Canberra’s parrots might be beautiful to behold, but there has long been a bone of contention between them and us. And not just because of their ear-piercing screech.
In his memoirs, pioneer Samuel Shumack (1850-1940) recalled one single day in the 1880s when he got busy with his blunderbuss and dispatched more than 500 of them for attacking his orchard. For all the good it did.
“They came on in greater numbers than before,” he wrote, ruefully.
“The same thing took place at Duntroon. Mr Campbell shot more than 80 before breakfast, and he declared that when he went out at 10 am, 20 in addition to every one shot had come to the funeral of their mates.
“He discontinued shooting and employed men to cover the trees with wire netting and thus saved the late cherry and apricot crops.”
The gang-gang cockatoo has gone on to become the bird emblem for the ACT, while flocks of sulphur-crested cockatoos are our version of snow in winter, white-washing the ground throughout the city.
Canberra naturalist Ian Fraser says it’s quite normal to see flocks upon flocks by the roads between March and August.
“They breed in the paddock trees around Canberra in summer and come into town in winter for the food supply,” he says.
“This can be underground tubers, mostly of weeds, or acorns, especially of pin oaks.
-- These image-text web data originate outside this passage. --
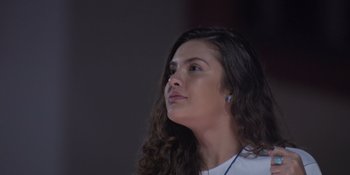 Movie still from “An Unforgettable Year: Summer” (2023), directed by Cris D'Amato – A person wearing a white shirt; Close Up shot, Low angle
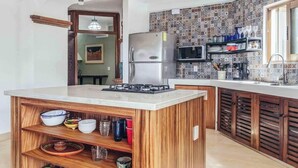 A kitchen with a central island, a refrigerator, a microwave, and a tiled backsplash.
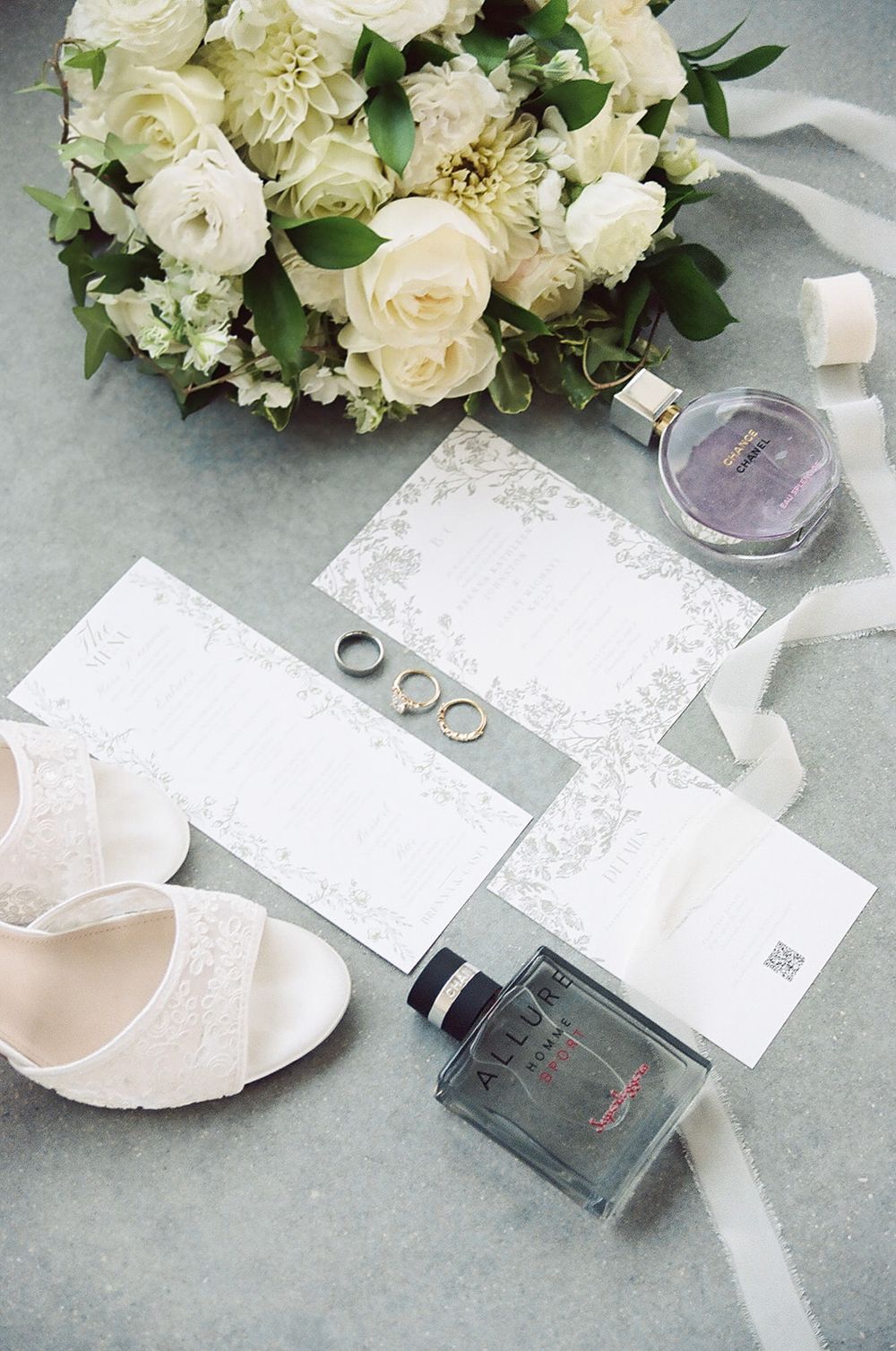 Elegant wedding flat lay with white roses bouquet, rings, Chanel perfume, bridal heels, and floral invitations.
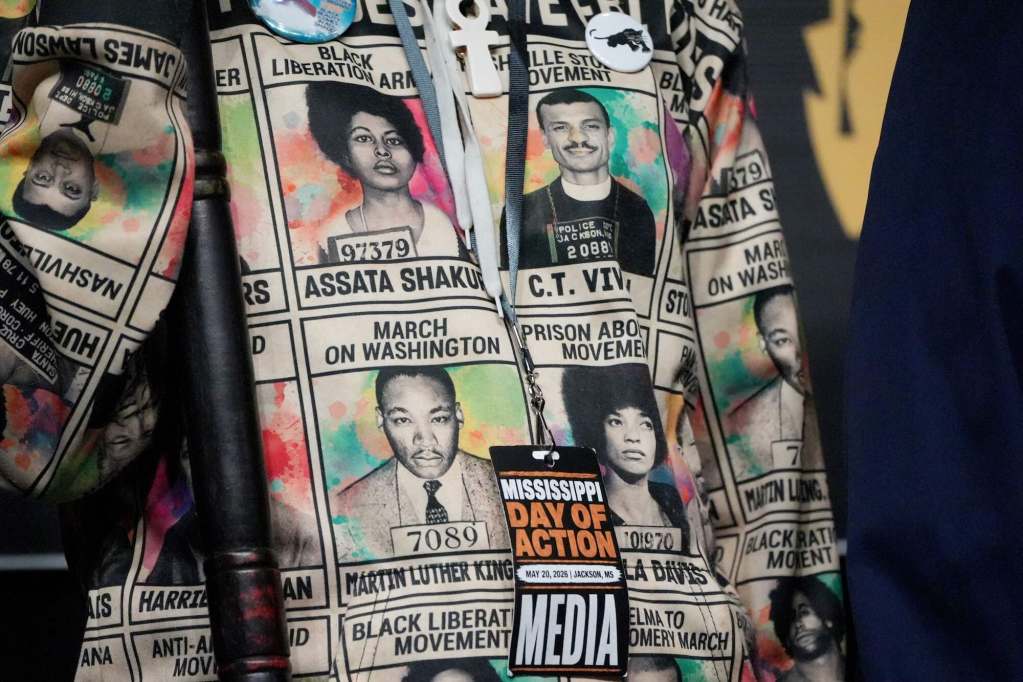 A closeup of a person's shirt showing the booking photos of various civil rights leaders. Also seen is a media pass for Mississippi Day of Action hanging around their neck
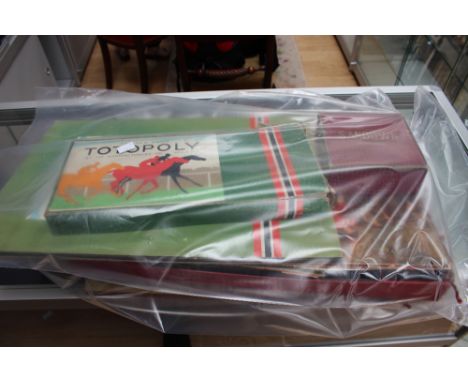 Early board games to include Totopoly, Hunting, Touring and Milestones 
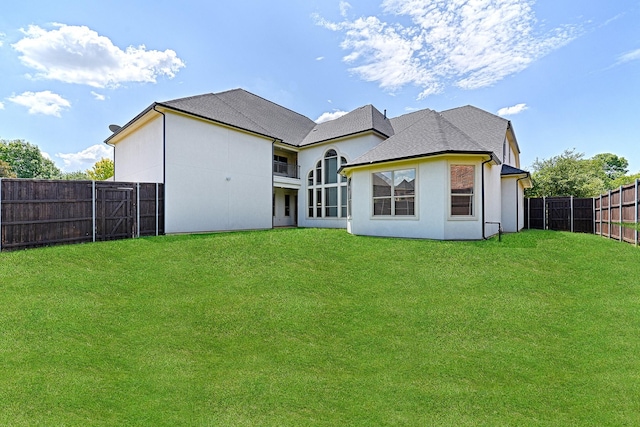 rear view of property featuring a fenced backyard, stucco siding, and a lawn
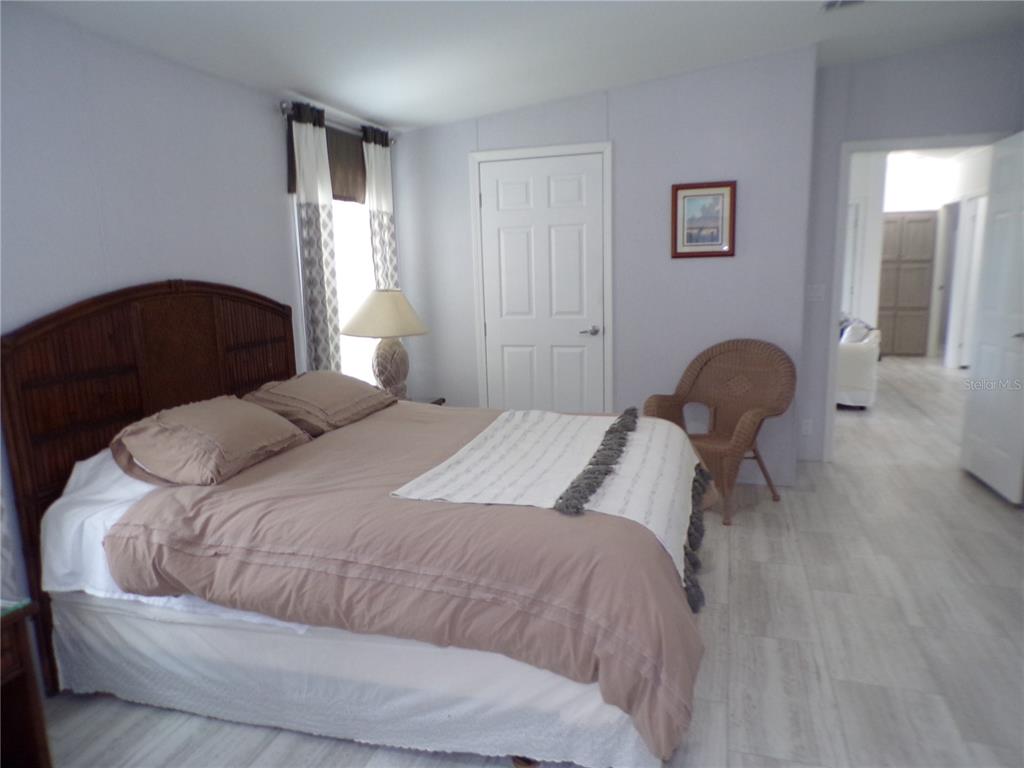 721 Marlin Drive Punta Gorda, FL 33950 - Photo 50 of 50 a bedroom with a bed and a chair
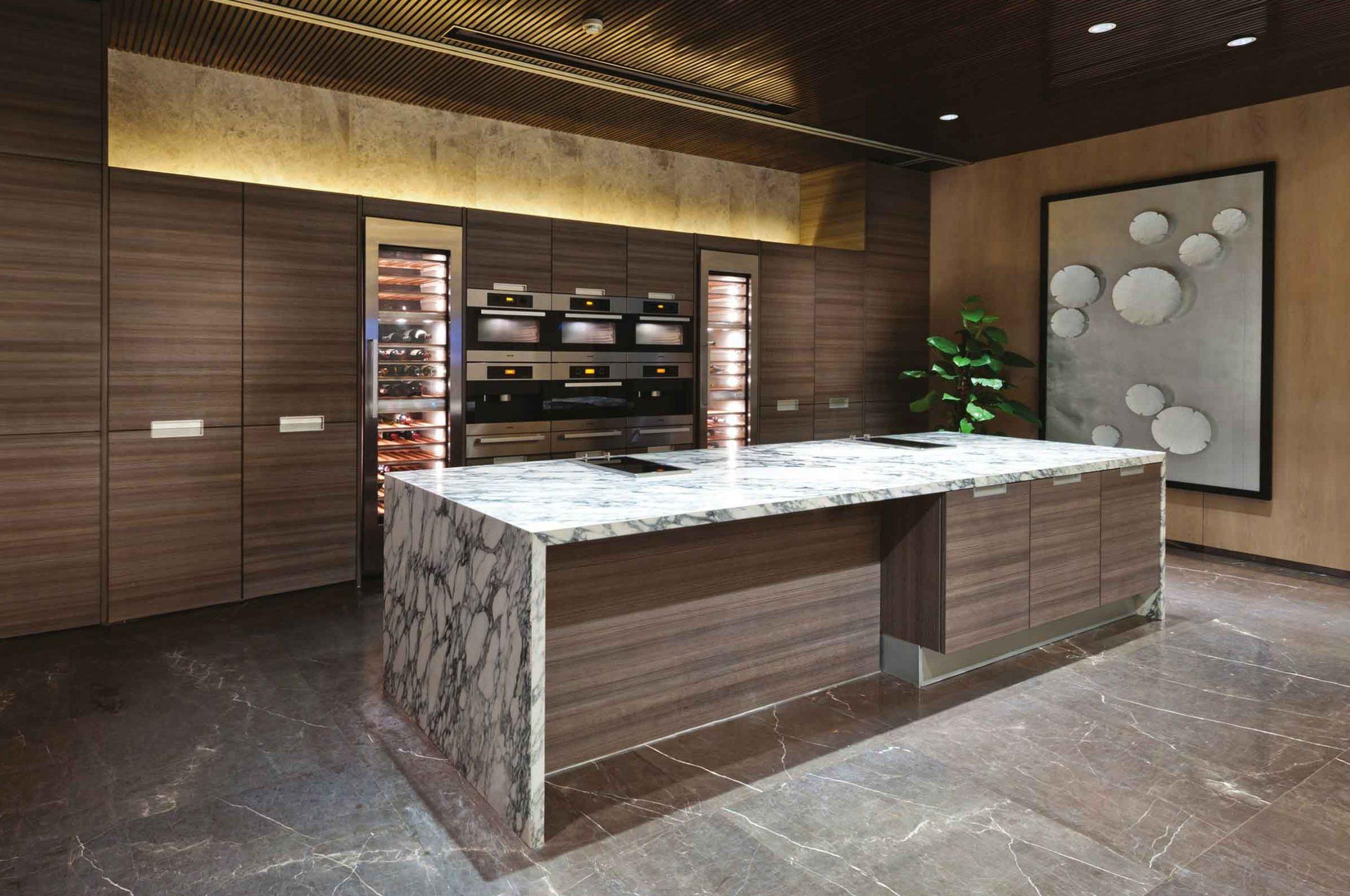 Isola cucina monolitica in marmo grigio venato e boiserie in noce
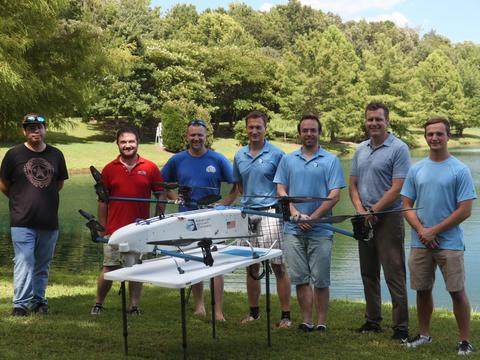 A group of seven people standing outside by a small body of water and several trees. The people stand behind a drone sitting on a table.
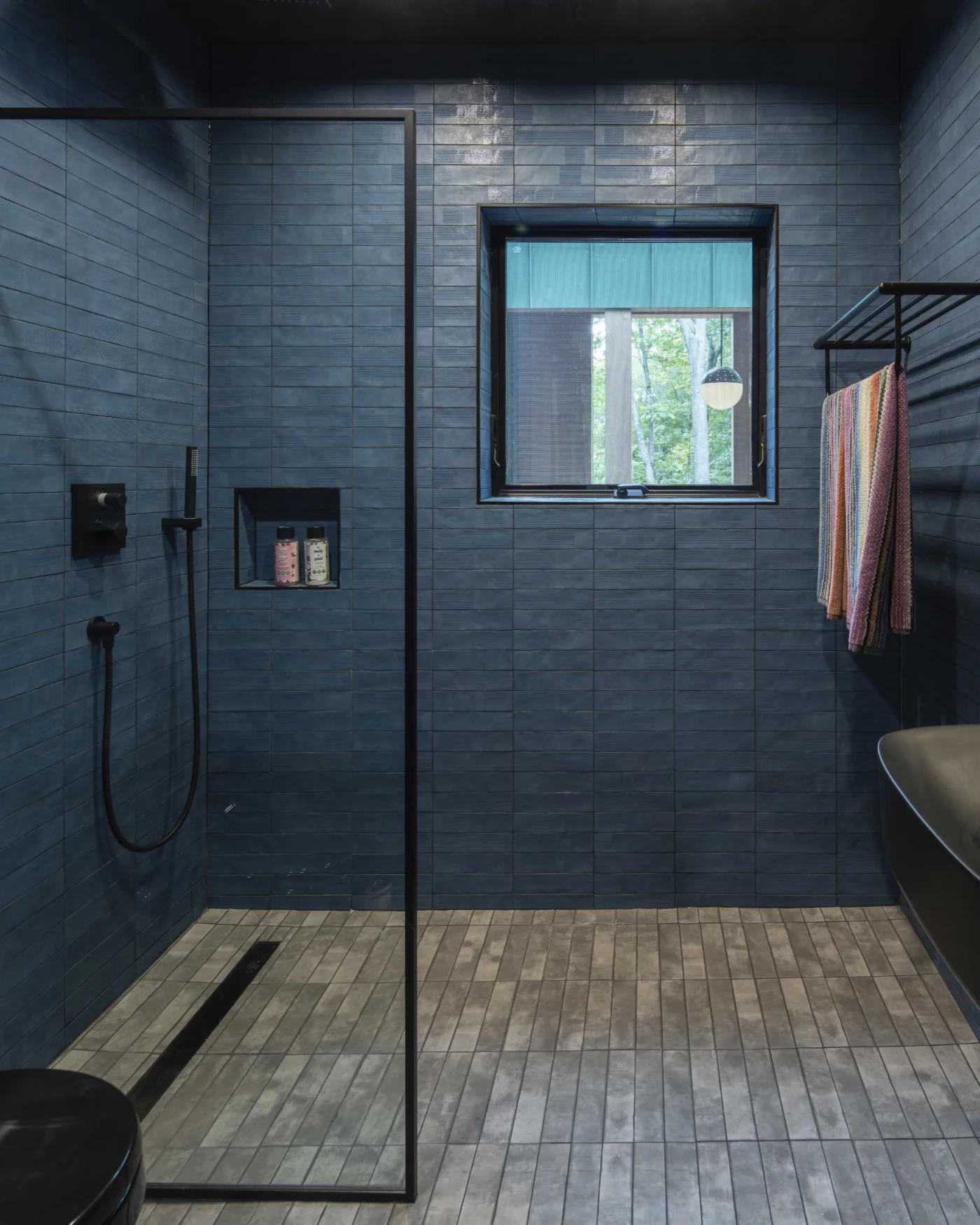 Bathroom with dark blue wall tiles, grey floor tiles and black fittings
Also fruit and flowers, although not quite so much in winter.”
As for their destructive streak, Ian puts it down to a few things, starting with boredom.
“You’ve got to do something while your lunch is digesting, don’t you?” he says.
“They can collect food in their crop faster than they can ingest it, which they do later, safely off the ground. They’re too intelligent just to loaf about doing nothing.”
Second, they’re used to ripping off bark from trees to see what edibles are hiding beneath it, and Ian suspects pulling the rubber strips off lights is an extension of that behaviour.
“Besides, it’s fun to swing on the dangling plastic cover,” he says.
Much like a fingernail, a cockatoo’s beak also grows perpetually, and needs to be kept in check by gnawing.
But are there ways of keeping cockatoos off your lights, window seals, washing, or fruit trees?
“Apparently not,” the naturalist says.
Just part and parcel of living in the Bush Capital it seems.